BETT is an annual trade show which showcases the use of innovative information technology in education. This year it was attended by 34,530 educators and decision-makers from 138 countries, and included speakers from high profile companies such as Microsoft. The show provides an environment that supports innovation and encourages the UK’s reputation for cutting edge educational technology resources.
Recently, University of Wolverhampton Computer Science lecturers secured $13,000 funding from Google to provide professional development initiatives for teachers across the UK. The University is one of three in the UK to receive Google funding. Our funding focus has been to provide a Massive Open Online Course (MOOC) designed to prepare secondary teachers to teach programming elements new to the GCSE and A Level syllabuses.
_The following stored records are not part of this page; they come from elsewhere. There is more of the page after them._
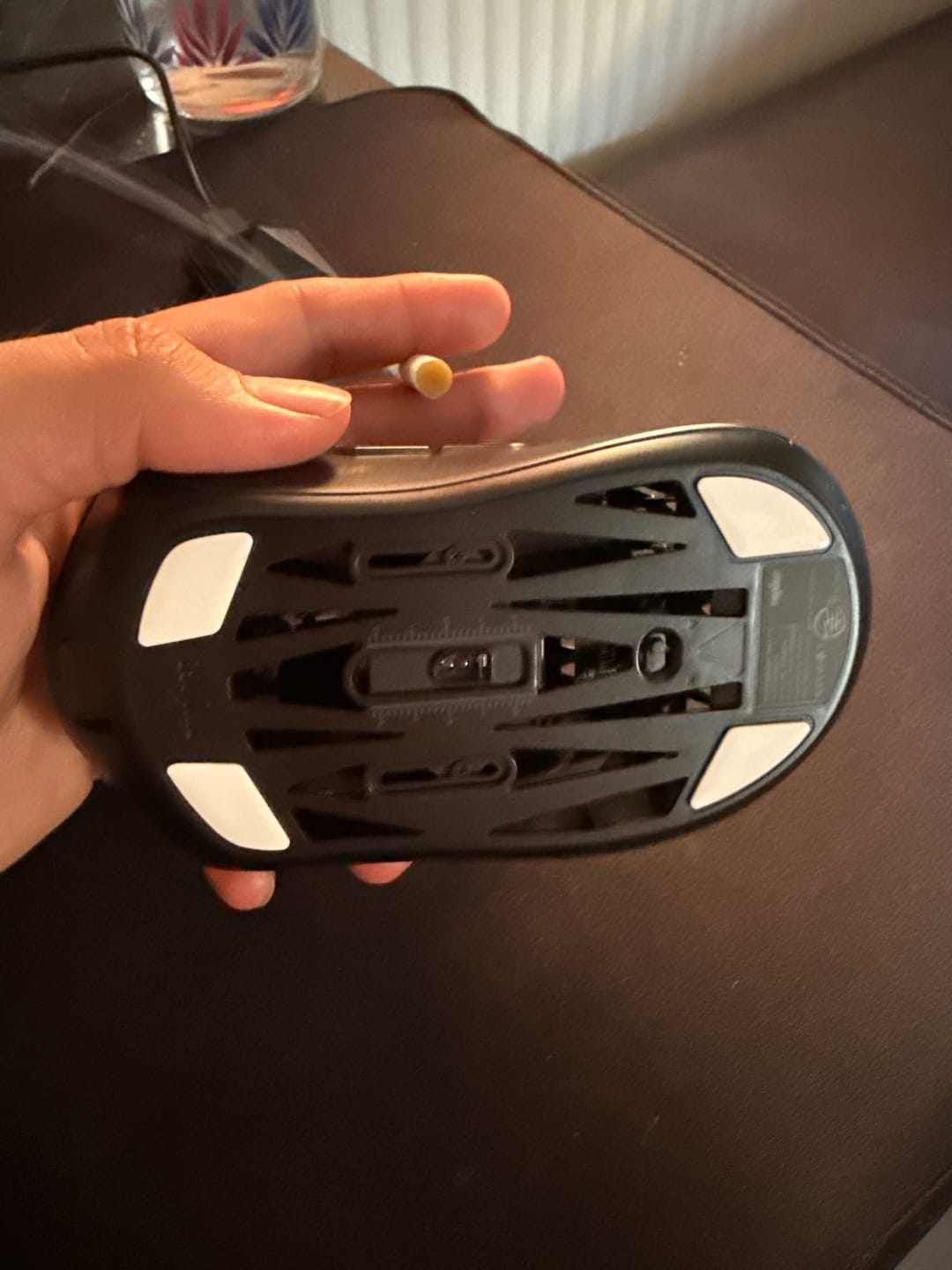 Customer photo review of Pwnage StormBreaker Max Karbon Fiber Wireless Mouse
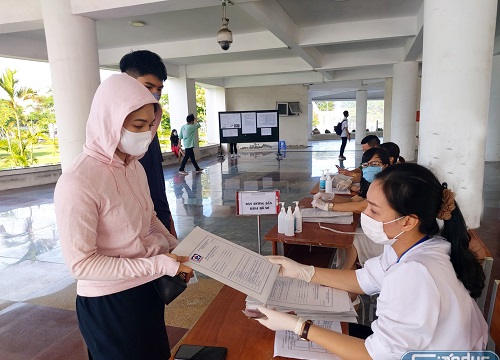 Hải Phòng: 659 học sinh làm thủ tục nhập học vào trường chuyên Trần Phú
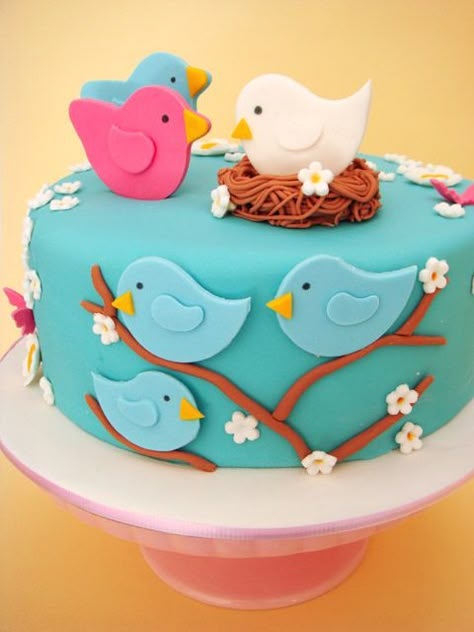 Original tarta infantil con pajaritos. Rodjendanske Torte, Bird Baby Shower, Spring Cake, Bird Cakes, Novelty Cakes, Easter Cakes, Fancy Cakes, Food Cakes, Fondant Cakes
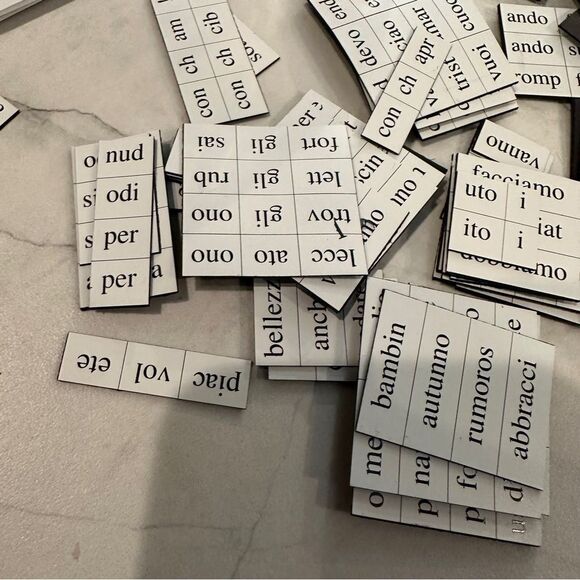 🧲 magnetic poetry Kit Italiano Edition Italian magnetic poetry - Picture 4 of 8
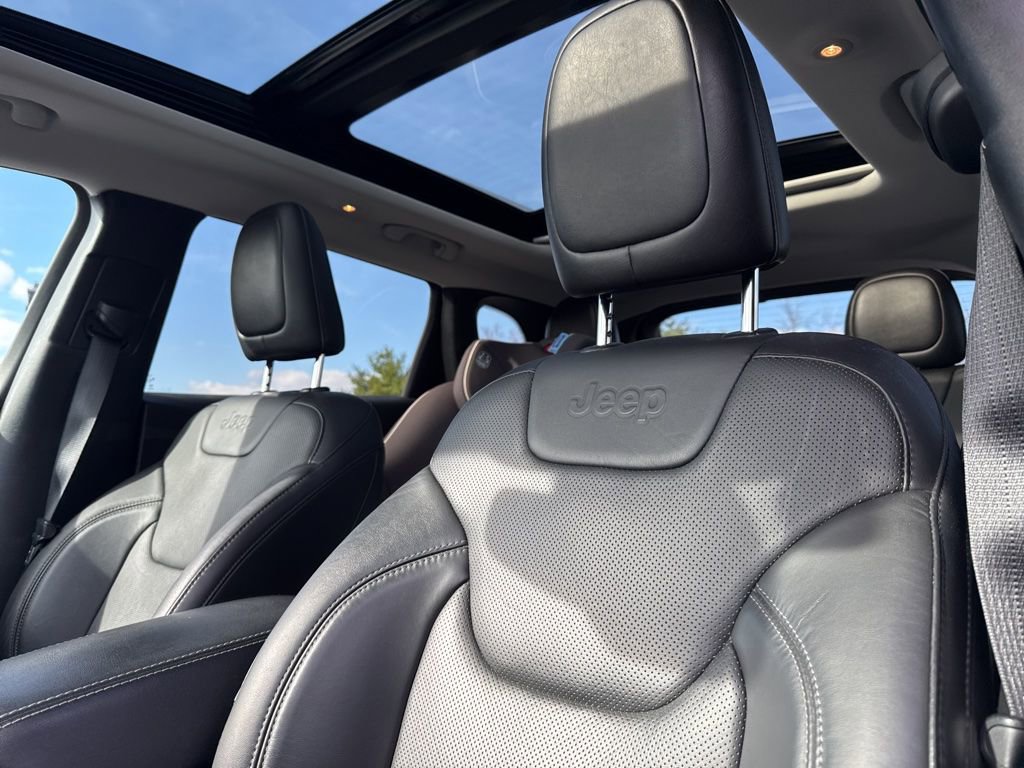 Used 2019 Jeep Cherokee Limited w/ Luxury Group image 5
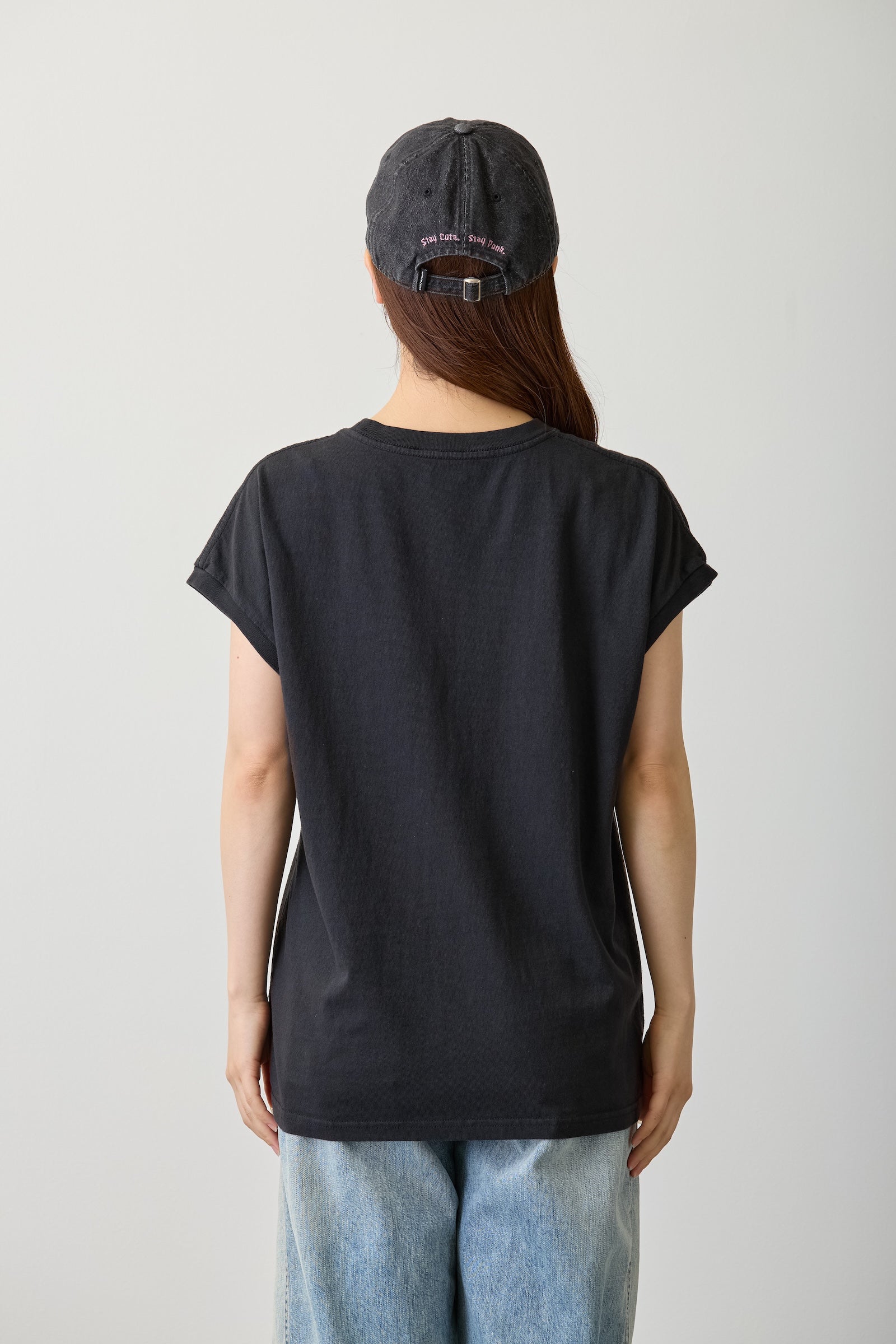 【7月中旬以降お届け】ちいかわ ワイドノースリーブ RIENDS ABOVE ALL ブラック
The course covers the fundamentals of Java programming, mathematics for computer science, algorithmic thinking and object-oriented programming.
Dr Patricia Davies said: “It was a real honour to be asked to speak at such a high profile national conference about our experience of delivering this important new course, which focuses on teachers preparing students to become creators rather than mere consumers of technology.
“Our collaboration with Google highlights the importance of academics and technology professionals working together, and ultimately our students will benefit. The Google Engineer, Phil Beevers, who spoke at the launch of the MOOC provided a connection between what students learn here and the practice in large organisations, such as Google.
Dr Davies has been appointed AP Computer Science Reader by the United States College Board, and will participate in the 2017 reading of Advanced Placement Computer Science exams taken by students all around the world.